Editor’s note: Tareq Ismail is the UX lead at Maluuba, a personal assistant app for Android and Windows Phone that was a Battlefield participant at TechCrunch Disrupt SF 2012. Follow him on Twitter @tareqismail.
The release of Facebook’s Graph Search has raised much discussion among technology pundits and investors. One of the biggest questions surrounding the highly anticipated feature is its availability on mobile.
After all, Facebook CEO Mark Zuckerberg has said on a number of occasions that Facebook is a mobile company. “On mobile we are going to make a lot more money than on desktop,” he said at TechCruch Disrupt SF 2012, adding “a lot more people have phones than computers, and mobile users are more likely to be daily active users.” Facebook understands mobile’s importance, so why wouldn’t it offer Graph Search for Android and iPhone from the start?
It’s simple: Graph Search for mobile would need to incorporate speech, which is a different beast altogether.

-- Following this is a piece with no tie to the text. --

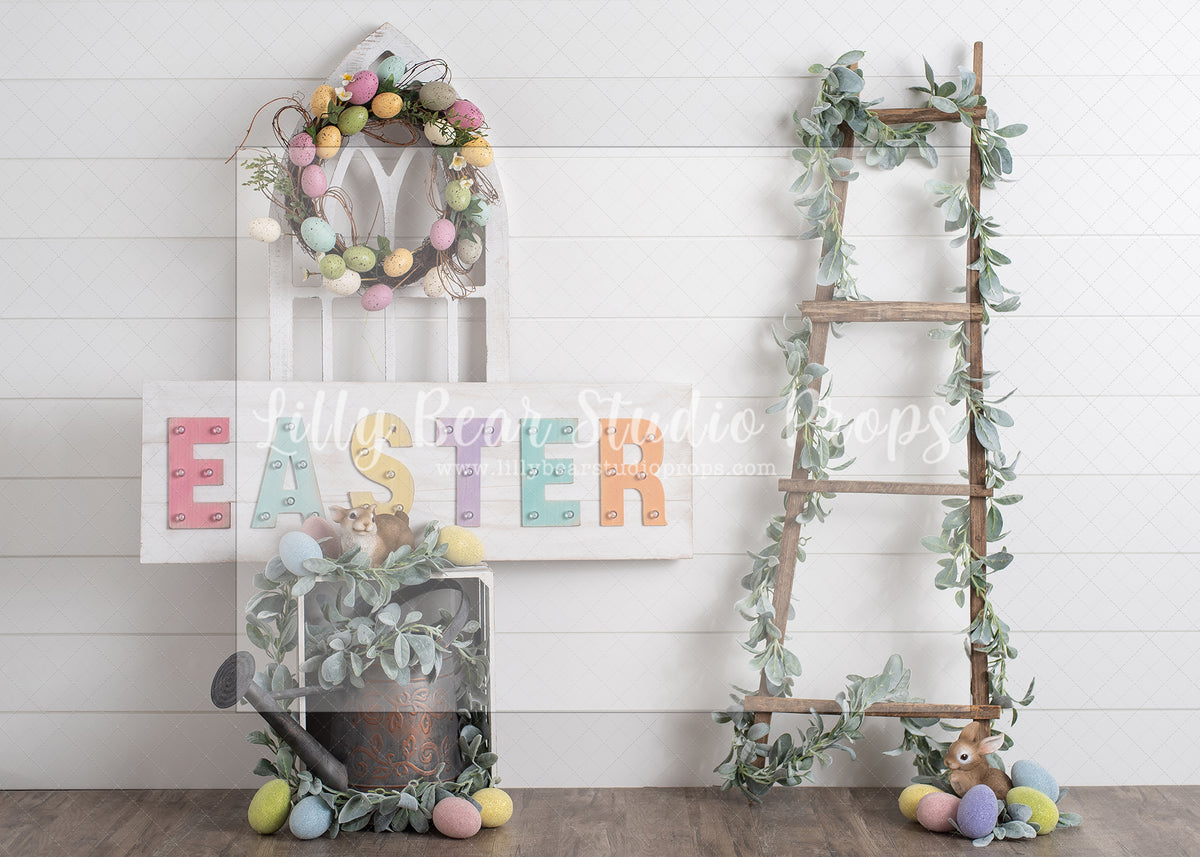 Easter Ladder - Lilly Bear Studio Props, boho spring, easter, easter backdrop, easter basket, easter bunny, easter egg, easter eggs, easter garden, easter mini, easter wreath, FABRICS, flower barn doors, flower garden, flower window, flowers, happy easter, spring, spring garden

Many of the examples given during the Graph Search keynote contained long sentences, which are not easy to type on a mobile device. Think of the example “My college friends who like roller blading that live in Palo Alto.” Search engines like Google get around this on mobile by offering autofill suggestions, but their suggestions come from billions of queries. For Facebook, since their search is based on hundreds of individual values like “fencing” or “college friends” specific to each user and not a group, autofill suggestions will often not be useful, or worse, will require a lot of tapping and swiping to drill down to the full request.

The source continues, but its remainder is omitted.